LOVINGTON — It’s the end of an era for radio in Lea County.

After nearly 65 years on air, Lovington radio station KLEA broadcasted for the last time on Friday and closed its doors. Days later on Wednesday, the building located on Country Club Drive was quiet and locked to visitors. The radio staple spent decades airing top tunes and programs to listeners throughout eastern New Mexico and west Texas. Its closure comes at the heels of KLEA majority owners Iva Lea McKay Worley Barton and David Worley, Jr., deaths in recent years. Barton passed away in May 2016, while her son David followed in February.

KLEA’s roots trace back to Christmas Day 1952 on South Main Street and later moved to a new studio at its present day location in 1963. In 2017, the family decided not to keep the radio station open, while it’s general manager Susan Coe is “ready to retire.” Coe started working part-time at KLEA in the mid-1960s and later became general manager in 1990 after Betty Shelton retired. Shelton took over the reins when Coe’s father Hoyt Caldwell died in 1985.

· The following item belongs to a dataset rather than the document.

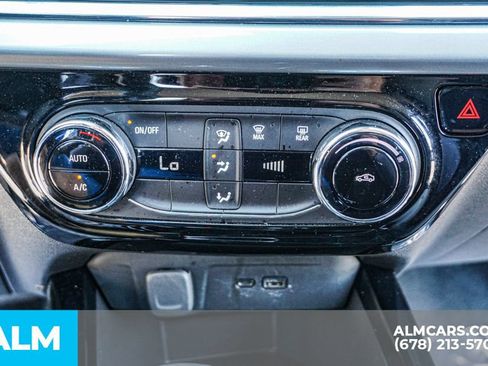 Used 2025 Chevrolet Trax LT FWD image 39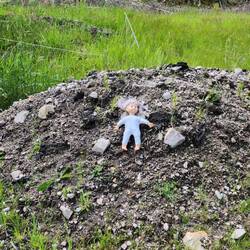 Chuck die Mörderpuppe am Straßenrand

“We started out with country on the AM. We started with AM (630), of course, in ‘52,” she said. “There’s a period in the mid-1960s, we had a high school kid who came out and did two hours of ‘Top 40.’ And ‘99, we went to Oldies 101.7 and then kind of merged into classic hits, oldies and classic hits.” For its last day on air, Coe said KLEA did some “reminiscing,” and when looking back, she expressed her favorite part of it all was serving the community. The station had a hand in helping with blood drives, broadcasting Lovington Wildcat sports, election returns and doing giveaways like giant stuffed rabbits for Easter.

“(We) gave away six-foot bunny rabbits in the early ‘60s, I think, for Easter. Over six-foot stuffed bunnies. We had every mother that won ‘em just mad as heck at us,” she laughed.

One longtime Lovington resident, City Commissioner Bernard Butcher, fondly looked back on KLEA’s coverage of his little league games as a child and called it a “shame” it had to go off the air. Butcher has lived in the community for 55 years.

“As a youngster, back in 1970, KLEA broadcast all of our district and state and nationals,” Butcher said. “I played on the only team in little league, at the 12-year-old division, to win district, go to state and go to nationals. They actually broadcast those games for the folks here in Lovington and the surrounding areas when we went to Denver that year.”

He said it was “pretty awesome” to have the community and radio station “follow you that far.”

“It was pretty amazing that your folks and the people back here could listen to you,” Butcher said. “Even in today’s society with our high school sports, we’ll no longer have that. No voice of Loving-ton. I’m sure our surrounding areas — Hobbs may carry it and they may not, but KLEA was surely a blessing for this part of the world. And we’re going to miss it. We really are.” KLEA also interviewed school coaches and children, and did a 15-minute live school program for years.

“We did it every day for many years,” Coe remembered. “Classes would go down to the administration building and we had a microphone set up there and they’d do a 15-minute program live. And you still have people that comment about ‘I was on the radio.’”

She stressed KLEA’s emphasis on community service and was unsure on the future of the building.

“We were proud to serve the fine people here for many, many years,” Coe said. “Very proud to serve our listening audience and our longtime advertisers. It was a privilege.”